When developing software, we need to be able to share code among the team, as well as release multiple versions of the software. Externally, as software continues to evolve, with new versions featuring bug fixes, new features, and compatible with new hardware or software.
Internally, we track as the features are developed overtime. Every time anyone makes any changes to a file, they are creating a new version, even if they never share it with anyone.
A Version Control System (VCS) is a system for tracking
changes to files in a project overtime. VCS systems
aren’t just used with code! This website is stored
git, the Version Control System we will use
in this class. You can actually see the commit history
for this website here!
Often, newer developers will think “We use version control to aid collaboration”, which is absolutely true! But it’s far from the only reason for using VCS! I use VCS (almost always git) for even independent development projects, either for fun or for class, even when I’m not working with anyone else. There are myriad benefits for this!
Have you ever been working on a project, deleted some old code, tried to replace it with something “better”, only to get stuck, and then think to yourself:
I’ve done this! And when I was in undergrad, and not using version control systems (or using them poorly), I would be out of luck! I’d have to try to remember what I wrote, which I almost never did, and I wasted hours of time.
With modern version control systems, especially if you are hosting a project on GitHub and/or using a great IDE like IntelliJ, you can quickly and easily time-travel to your earlier commits, get what you need, and bring the code back to the present with you!

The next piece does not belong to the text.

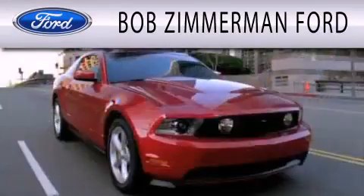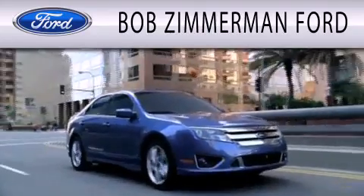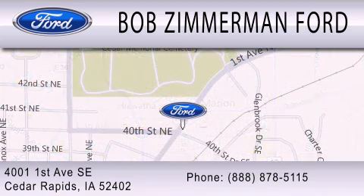Bob Zimmerman Ford is dedicated to doing everything possible to ensure that the experience you have selecting your next vehicle is as pleasant as possible. We are located at 4001 First Avenue Southeast in Cedar Rapids.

Additionally, if you are pushing to a remote repository, you don’t have to worry if your hard drive fails, of your for some other reason you are unable to access the computer you wrote code on. It’s all online and accessible!

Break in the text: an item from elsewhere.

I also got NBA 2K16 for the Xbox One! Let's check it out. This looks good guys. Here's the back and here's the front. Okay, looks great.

In large software systems, it is often very easy to run into problems with stability (covered back in the software quality unit in Intro). That is, changes in one location in the code can have negative and unpredictable side effects for other parts of the code.
However, if you practice proper test-driven development, as we will cover later in this course, and sufficiently test your code, you can often find these “would be” bugs before you share your code with others. Once you identify that a test is failing, and a bug must have been introduced, you can step back through your commit history and find the commit where the bug first appeared.
This will substantially narrow your search when trying to find and correct the bug!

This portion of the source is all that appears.